On Thu, May 07, 2026 at 11:45:19PM +0000, sashiko-bot@kernel.org wrote:
> Thank you for your contribution! Sashiko AI review found 2 potential issue(s) to consider:
> - [High] TOCTOU race in `bpf_dtor_kptr_release_one()` can lead to NMI deadlocks.
> - [Low] Memory leak on initialization failure in `bpf_dtor_kptr_init()`.
> --
> 
> commit 488cdc390b90427a591d47211600c09addc95fcd
> Author: Justin Suess <utilityemal77@gmail.com>
> Date:   Thu May 7 17:54:52 2026 +0000
> 
>     bpf: Offload kptr destructors that run from NMI
> 
> This commit queues destructor-backed kptr teardowns to irq_work when
> running from NMI context. It maintains an idle-slot surplus counter to
> ensure offload slots are preallocated to prevent deadlocks.
> 
> Closes: https://lore.kernel.org/bpf/20260421201035.1729473-1-utilityemal77@gmail.com/
> 
> > diff --git a/kernel/bpf/syscall.c b/kernel/bpf/syscall.c
> > index 3b1f0ba02f613..d34fdb99eb8a9 100644
> > --- a/kernel/bpf/syscall.c
> > +++ b/kernel/bpf/syscall.c
> [ ... ]
> > @@ -65,6 +69,111 @@ static DEFINE_SPINLOCK(map_idr_lock);
> > +static void bpf_dtor_kptr_release_one(void)
> > +{
> > +	struct bpf_dtor_kptr_work *job;
> > +	long surplus;
> > +
> > +	for (;;) {
> > +		surplus = atomic_long_read(&bpf_dtor_kptr_surplus);
> > +		if (surplus <= 0)
> > +			return;
> > +
> > +		job = bpf_dtor_kptr_pop_idle();
> 
> Could this sequence lead to a race condition that drains the idle pool
> too early?
> 
> If multiple threads read a positive surplus value here, they might all call
> bpf_dtor_kptr_pop_idle() before the cmpxchg executes. This could temporarily
> drain the idle pool below the required number of reserved slots.
> 
> If an NMI fires during this window and attempts to tear down a kptr, would
> bpf_dtor_kptr_offload() find the idle pool empty? If so, it looks like it
> would trigger the fallback warning and run the destructor inline from the
> NMI context, which might reintroduce the deadlocks this patch aims to
> prevent.
>
Yes this is real.

But there's a bigger problem: the push side of pcpu_freelist is not
interruptible.

If we jump to NMI during this stage then the pcpu_freelist will be
locked up because we were pushing to it, thus preventing us from
popping. Thus we just deadlock again.

I think we technically have exclusivity here on our percpu head
(we can't be in NMI and process context stimultaniously on the cpu).
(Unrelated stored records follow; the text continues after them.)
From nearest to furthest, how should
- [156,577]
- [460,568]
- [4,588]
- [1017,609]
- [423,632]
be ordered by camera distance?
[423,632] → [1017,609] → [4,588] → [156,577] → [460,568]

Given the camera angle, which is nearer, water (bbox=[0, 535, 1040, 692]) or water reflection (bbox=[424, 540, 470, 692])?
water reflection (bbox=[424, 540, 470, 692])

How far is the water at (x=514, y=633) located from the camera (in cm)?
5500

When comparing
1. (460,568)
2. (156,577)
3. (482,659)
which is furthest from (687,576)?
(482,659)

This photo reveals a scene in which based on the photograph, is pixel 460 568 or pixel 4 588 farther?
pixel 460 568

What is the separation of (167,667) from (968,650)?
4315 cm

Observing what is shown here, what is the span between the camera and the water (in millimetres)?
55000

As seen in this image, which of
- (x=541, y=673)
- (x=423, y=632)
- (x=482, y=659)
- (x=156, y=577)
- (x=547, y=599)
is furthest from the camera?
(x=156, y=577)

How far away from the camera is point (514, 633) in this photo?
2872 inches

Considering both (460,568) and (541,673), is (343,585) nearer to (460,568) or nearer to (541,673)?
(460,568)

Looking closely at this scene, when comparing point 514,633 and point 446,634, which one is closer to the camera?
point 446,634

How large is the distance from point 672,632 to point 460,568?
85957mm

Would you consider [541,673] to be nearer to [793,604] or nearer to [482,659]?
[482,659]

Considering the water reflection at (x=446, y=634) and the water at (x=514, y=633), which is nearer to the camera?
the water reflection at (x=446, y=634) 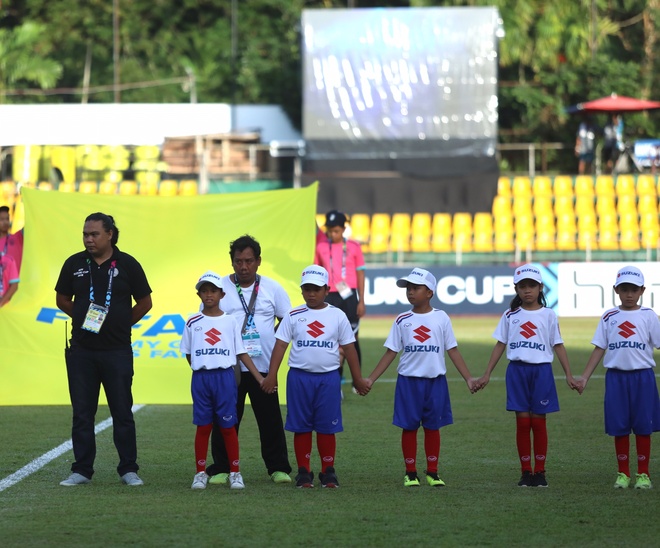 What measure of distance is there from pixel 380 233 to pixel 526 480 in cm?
2099

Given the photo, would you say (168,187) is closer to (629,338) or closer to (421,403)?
(421,403)

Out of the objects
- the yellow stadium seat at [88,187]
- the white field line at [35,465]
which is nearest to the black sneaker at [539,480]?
the white field line at [35,465]

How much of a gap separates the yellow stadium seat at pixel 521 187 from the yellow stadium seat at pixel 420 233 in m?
2.33

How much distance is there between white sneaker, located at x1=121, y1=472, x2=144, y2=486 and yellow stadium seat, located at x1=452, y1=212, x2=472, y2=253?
19.9 metres

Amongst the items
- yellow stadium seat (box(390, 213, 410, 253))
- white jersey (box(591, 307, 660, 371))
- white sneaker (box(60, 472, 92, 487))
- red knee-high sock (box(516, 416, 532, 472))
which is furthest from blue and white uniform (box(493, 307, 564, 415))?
yellow stadium seat (box(390, 213, 410, 253))

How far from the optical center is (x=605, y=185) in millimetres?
30672

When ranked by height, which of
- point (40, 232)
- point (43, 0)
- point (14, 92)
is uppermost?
point (43, 0)

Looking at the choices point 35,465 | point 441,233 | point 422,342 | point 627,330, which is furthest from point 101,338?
point 441,233

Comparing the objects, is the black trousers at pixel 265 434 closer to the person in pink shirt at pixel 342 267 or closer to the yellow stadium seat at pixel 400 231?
the person in pink shirt at pixel 342 267

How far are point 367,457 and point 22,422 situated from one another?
3.92 metres

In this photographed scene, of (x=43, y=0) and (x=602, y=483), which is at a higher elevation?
(x=43, y=0)

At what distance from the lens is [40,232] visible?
13438mm

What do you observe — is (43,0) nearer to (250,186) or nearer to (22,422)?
(250,186)

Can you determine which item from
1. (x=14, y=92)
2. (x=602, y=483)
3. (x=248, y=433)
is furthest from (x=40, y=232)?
(x=14, y=92) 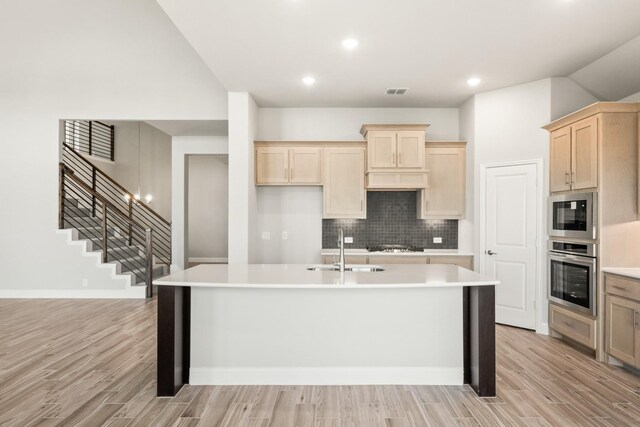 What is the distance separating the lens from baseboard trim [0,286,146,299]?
6129 mm

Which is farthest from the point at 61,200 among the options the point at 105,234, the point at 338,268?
the point at 338,268

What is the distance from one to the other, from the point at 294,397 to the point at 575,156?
3503mm

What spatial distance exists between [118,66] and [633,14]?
6.27 metres

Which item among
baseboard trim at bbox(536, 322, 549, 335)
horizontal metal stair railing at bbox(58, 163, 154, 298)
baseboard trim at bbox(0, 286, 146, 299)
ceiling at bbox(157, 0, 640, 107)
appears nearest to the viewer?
ceiling at bbox(157, 0, 640, 107)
So maybe it is safe to forcibly acquire that specific lock? I'm not 100%
sure.

llist won't work since we can't have multiple llist_del_first consumers,
and llist_del_all would render the list null and unusable if we jump to
it from NMI while we're borrowing it. 

Making percpu llists won't work either, since the cpu we allocate the
job one might not be the one the dtor runs on, so we need percpu
stealing, which then runs into the same multiple consumers problem if
threads steal from same cpu head.

So this code is not ready either way.

I think 128 bit cmpxchg could technically solve this problem, but don't
think we can rely on it for all architectures BPF supports.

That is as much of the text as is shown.